デザインだけでなく、自分の体型にフィットしたスーツを持つことは、大人のたしなみの一つではないでしょうか。しかし、体型にピッタリとフィットする既製品のスーツを見つけることはなかなか難しいところ。その点、オーダースーツであれば、採寸したサイズに沿って作るので、簡単に体にフィットした一着を手に入れることができるのです。ではどのようにオーダーしたらいいのでしょう?ここでは、オーダーする際の手順、ショップや型紙の選び方などについて紐解いていきます。

オーダースーツとは?

オーダースーツとは、サイズやデザイン、シルエットなどを依頼主が個別にオーダーできるオリジナルスーツのこと。既成品のスーツは完成した状態でお店に並べられおり、手軽に購入できます。しかし、既成スーツの型紙は万人の体のサイズに対応しているわけではないので、ピッタリと合う人は少ないのではないでしょうか。その点、オーダースーツは顧客の注文を受けてから制作を始め、採寸し、その人のサイズに基づき作られるので、着用する人の体型に合った一着に仕上げることができます。また、スーツを自分の好みのデザインにカスタマイズできる点も魅力です。既成のスーツにはベーシックやトレンドなど、多くのデザインがありますが、サイズ同様に好みも千差万別。ジャケットのデザインはいいけど、パンツのデザインが自分には似合わない……ということも。その点、オーダースーツの場合は、細部にわたって自身のこだわりをデザインに反映させることができるので、満足いく自分だけの一着を手に入れることができるのです。

オーダースーツを作る際の具体的な手順


オーダースーツを作るときの手順は5つのステップに分かれます。ここでは作業内容だけでなく、それぞれのステップで注意したい点や押さえておきたポイントもご紹介します。


「1 カウンセリング」


オーダーするテーラーが決まったらカウンセリングを行うことが一般的です。ポケットや襟元、パンツのタックなど、細かな部分のデザインについて話し合います。
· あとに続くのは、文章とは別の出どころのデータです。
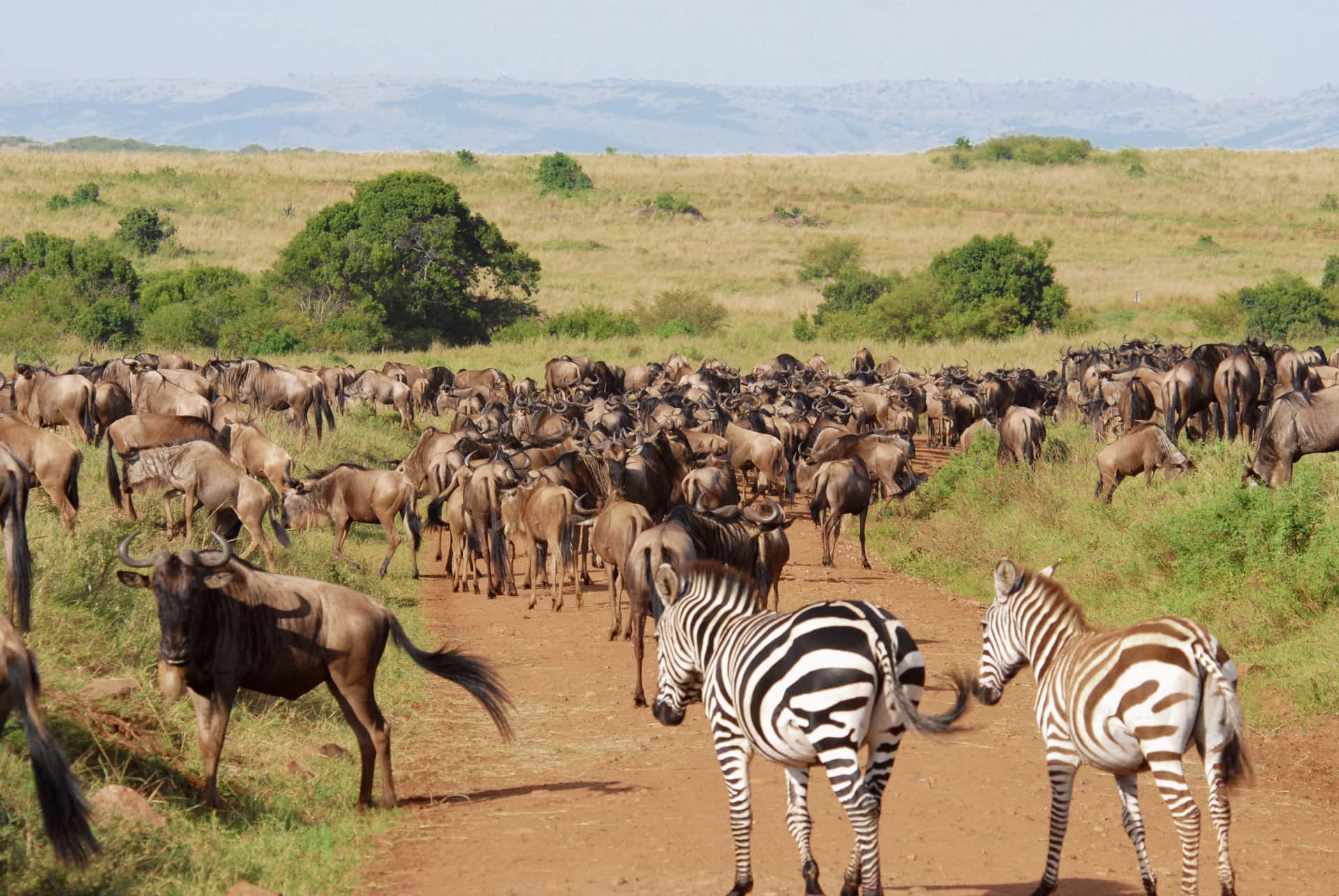 Watch the Great Migration in Masai Mara in All of Africa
実はここでイメージや要望をきちん明確にと伝えることが大切。ビジネス用、フォーマル用、プライベート用など、オーダースーツを着用するシーンも伝えることで、テーラーも最適なスーツを作るための質問がしやすくなり、イメージした仕上がりにも繋がります。


「2 生地を選ぶ」


テーラーに展示されている現物の生地、サンプル、バンチ(生地見本帳)の中らからスーツに使う生地を選びます。中には、店頭にある在庫生地とカタログ生地とを合わせて、3,000種類以上もの生地から選ぶことのできるお店もあるほど。そんなにたくさんの種類からどうやって選べばいいか迷ってしまうかもしれませんが、予算や希望の色味、柄、着用シーンなどを相談すれば、テーラーが的確な生地をおすすめしてくれます。また、実際の生地を見るだけでなく、触れてみて感触や機能性を確認するのも大切です。


「3 採寸」


生地が決まったら、オーダースーツを仕立てる中でもっとも重要な工程ともいえる採寸です。オーダースーツの魅力のひとつ「フィット感」は、この採寸によって大きく左右されます。各所を細かく測り、体型や姿勢、クセなどを踏まえて、美しいラインのスーツになるよう体型補正を入れます。カウンセリングで伝え忘れたことや、なで肩やO脚などの気になる体の特徴があれば、採寸時にフィッターに伝えると良いでしょう。また、少し面倒でも通常着用しているスーツとそれに合わせている靴を履いて行くことをおすすめします。採寸がはかどりますし、完成後に修正する必要がほとんどなくなります。なかなかお店にいく時間がとれない方向けには、オフィスや自宅にフィッターが出向く「出張採寸」というサービスを行っているところもあるので、確認してみましょう。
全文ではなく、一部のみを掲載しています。